Prime Minister Alexis Tsipras on Friday admitted Greek border controls had been overwhelmed by the mass arrival of refugees earlier this year, but insisted all migrants were now being properly documented.
His defence came after the European Commision this week launched legal procedures against Croatia, Greece and Italy for failing to register all migrants in the EU-wide fingerprint database, Eurodac, when they first arrive on the continent.
Tsipras told lawmakers the government had initially been "taken by surprise" by the sheer number of migrants, "but since September there has not been a single arrival who has not been registered."
Registering new arrivals would help with security, as national police forces and Europol can compare fingerprints linked to criminal investigations with those in Eurodac.
Tsipras however said that due to a lack of equipment, fingerprinting migrants and registering the data took "several hours."
The Eurodac Regulation calls for fingerprinting asylum seekers and filing the data within 72 hours.
Tsipras said European countries had to pitch in with more equipment. The foreign ministry said Friday only 39 biometric machines had been provided against 100 demanded.
After revelations that two jihadists involved in the Paris terror attacks slipped into Europe through a Greek island, posing as refugees, Athens has faced heavy scrutiny over its screening of more than 750,000 people who have landed on its shores this year.
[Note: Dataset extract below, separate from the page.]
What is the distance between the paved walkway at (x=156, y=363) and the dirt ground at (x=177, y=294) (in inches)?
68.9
Greece on Thursday said it would seek to deport economic migrants, who had been blocked at its border with Macedonia after Skopje clamped down on entry, if they are not entitled to asylum.
"Those without papers, the so-called illegal migrants, have the right to request asylum (or) the right to voluntary repatriation," junior interior minister for migration Yiannis Mouzalas told reporters.
"If they do not request either within 30 days, they will be returned to their countries of origin," he said.